Numerous charities have run into trouble in the press for investing in controversial areas. The RSPB, to cite just one example, was pulled up for investing in a company responsible for an oil spill that killed thousands of sea birds.
Stories like this can do a lot of damage to a charity's reputation, donors may be turned off from giving and beneficiaries may decide not to use services.
Yet charities still seem to be blissfully unaware about where their money is being invested. When challenged about whether investments in certain companies are appropriate, they often plead ignorance and shift the blame onto investment managers - a highly irresponsible approach considering the PR implications.
The problems tend to arise when charities invest in group investment funds, rather than having their own individually managed portfolios of shares. For most charities this is the best bet, as individual funds are not really financially viable for all but the largest organisations. But there are ethical pooled funds available, which trustees should seriously consider when going down this route.
It is true that investing ethically is not straightforward for charities.

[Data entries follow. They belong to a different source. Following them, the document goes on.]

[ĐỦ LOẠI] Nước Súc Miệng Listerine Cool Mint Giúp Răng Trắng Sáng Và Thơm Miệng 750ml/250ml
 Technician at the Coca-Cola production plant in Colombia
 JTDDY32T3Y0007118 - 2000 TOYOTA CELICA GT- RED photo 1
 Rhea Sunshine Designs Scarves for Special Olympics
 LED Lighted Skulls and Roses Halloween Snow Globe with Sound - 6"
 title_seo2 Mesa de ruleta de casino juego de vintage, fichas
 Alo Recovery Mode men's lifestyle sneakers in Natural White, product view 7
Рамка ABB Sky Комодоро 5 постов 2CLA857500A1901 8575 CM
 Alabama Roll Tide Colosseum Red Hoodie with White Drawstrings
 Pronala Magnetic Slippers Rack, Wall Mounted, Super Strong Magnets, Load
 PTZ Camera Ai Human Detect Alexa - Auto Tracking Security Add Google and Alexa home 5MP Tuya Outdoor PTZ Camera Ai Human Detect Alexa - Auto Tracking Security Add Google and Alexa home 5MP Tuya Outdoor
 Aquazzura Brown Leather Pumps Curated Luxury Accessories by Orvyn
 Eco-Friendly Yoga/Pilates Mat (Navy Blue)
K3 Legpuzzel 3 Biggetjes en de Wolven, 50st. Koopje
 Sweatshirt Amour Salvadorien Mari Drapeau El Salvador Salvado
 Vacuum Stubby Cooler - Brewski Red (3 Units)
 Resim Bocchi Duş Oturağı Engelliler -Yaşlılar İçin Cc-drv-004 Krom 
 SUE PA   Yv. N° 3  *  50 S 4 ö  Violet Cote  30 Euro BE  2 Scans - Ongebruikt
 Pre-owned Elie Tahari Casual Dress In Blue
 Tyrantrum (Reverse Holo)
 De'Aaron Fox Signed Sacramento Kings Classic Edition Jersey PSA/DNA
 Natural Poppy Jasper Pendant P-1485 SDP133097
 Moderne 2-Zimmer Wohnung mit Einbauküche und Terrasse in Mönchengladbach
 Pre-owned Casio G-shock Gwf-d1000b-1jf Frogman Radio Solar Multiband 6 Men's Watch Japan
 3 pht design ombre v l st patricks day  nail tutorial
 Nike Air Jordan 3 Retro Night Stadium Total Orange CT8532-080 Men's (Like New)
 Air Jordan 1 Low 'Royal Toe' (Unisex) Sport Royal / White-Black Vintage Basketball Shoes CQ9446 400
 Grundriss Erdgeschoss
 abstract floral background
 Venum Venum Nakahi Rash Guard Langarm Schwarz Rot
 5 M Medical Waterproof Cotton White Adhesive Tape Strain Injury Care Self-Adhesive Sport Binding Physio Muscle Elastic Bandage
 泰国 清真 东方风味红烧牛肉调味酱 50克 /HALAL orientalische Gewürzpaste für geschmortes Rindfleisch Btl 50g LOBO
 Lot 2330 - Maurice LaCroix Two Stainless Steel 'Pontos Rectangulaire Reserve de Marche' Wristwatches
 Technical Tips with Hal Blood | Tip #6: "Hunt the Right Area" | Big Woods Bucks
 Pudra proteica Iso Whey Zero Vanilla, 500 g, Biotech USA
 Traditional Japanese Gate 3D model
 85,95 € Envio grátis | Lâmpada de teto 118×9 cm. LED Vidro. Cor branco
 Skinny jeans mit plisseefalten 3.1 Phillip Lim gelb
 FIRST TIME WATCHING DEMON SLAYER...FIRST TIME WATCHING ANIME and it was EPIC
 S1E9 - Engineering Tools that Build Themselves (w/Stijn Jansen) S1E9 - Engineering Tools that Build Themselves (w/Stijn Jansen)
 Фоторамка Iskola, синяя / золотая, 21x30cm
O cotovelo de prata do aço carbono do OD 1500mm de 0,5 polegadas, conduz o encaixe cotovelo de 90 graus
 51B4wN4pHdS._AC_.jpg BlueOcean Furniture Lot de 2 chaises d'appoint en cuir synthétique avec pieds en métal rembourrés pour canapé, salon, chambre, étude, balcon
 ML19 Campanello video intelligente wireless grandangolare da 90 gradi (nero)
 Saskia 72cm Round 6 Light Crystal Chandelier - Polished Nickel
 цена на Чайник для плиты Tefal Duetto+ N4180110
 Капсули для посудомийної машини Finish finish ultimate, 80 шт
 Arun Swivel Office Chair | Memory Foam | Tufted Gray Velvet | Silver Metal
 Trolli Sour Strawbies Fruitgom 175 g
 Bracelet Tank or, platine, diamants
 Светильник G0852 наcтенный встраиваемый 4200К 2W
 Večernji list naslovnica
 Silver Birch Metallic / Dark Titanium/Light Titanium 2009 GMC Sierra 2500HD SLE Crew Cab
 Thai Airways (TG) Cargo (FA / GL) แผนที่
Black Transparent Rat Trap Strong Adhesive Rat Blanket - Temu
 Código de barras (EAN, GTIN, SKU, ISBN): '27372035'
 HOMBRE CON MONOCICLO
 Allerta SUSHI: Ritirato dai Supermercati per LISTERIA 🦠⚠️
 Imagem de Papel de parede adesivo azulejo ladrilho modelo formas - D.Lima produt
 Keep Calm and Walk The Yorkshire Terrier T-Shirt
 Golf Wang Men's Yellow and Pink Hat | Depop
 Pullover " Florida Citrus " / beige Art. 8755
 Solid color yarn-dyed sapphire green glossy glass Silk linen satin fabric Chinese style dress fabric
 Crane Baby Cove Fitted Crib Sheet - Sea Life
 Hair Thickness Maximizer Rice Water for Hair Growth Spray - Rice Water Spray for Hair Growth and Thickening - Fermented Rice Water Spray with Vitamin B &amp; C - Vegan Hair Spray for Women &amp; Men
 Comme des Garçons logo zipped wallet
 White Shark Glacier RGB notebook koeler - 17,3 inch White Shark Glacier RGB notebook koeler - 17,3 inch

Trustees are obliged by the Charity Commission to make sure investments have the maximum return possible, and there is an argument that considering a company's ethics before its annual returns contradicts this. Controversial industries, such as tobacco, often produce the best returns. But if charities think beyond the returns of the past few years, many companies now considered unethical are also not going to be sustainable in the future, so may not make for the best long-term investments.
And, of course, there is the PR argument that the returns an investment might bring are irrelevant if it means losing service-users, donors and supporters.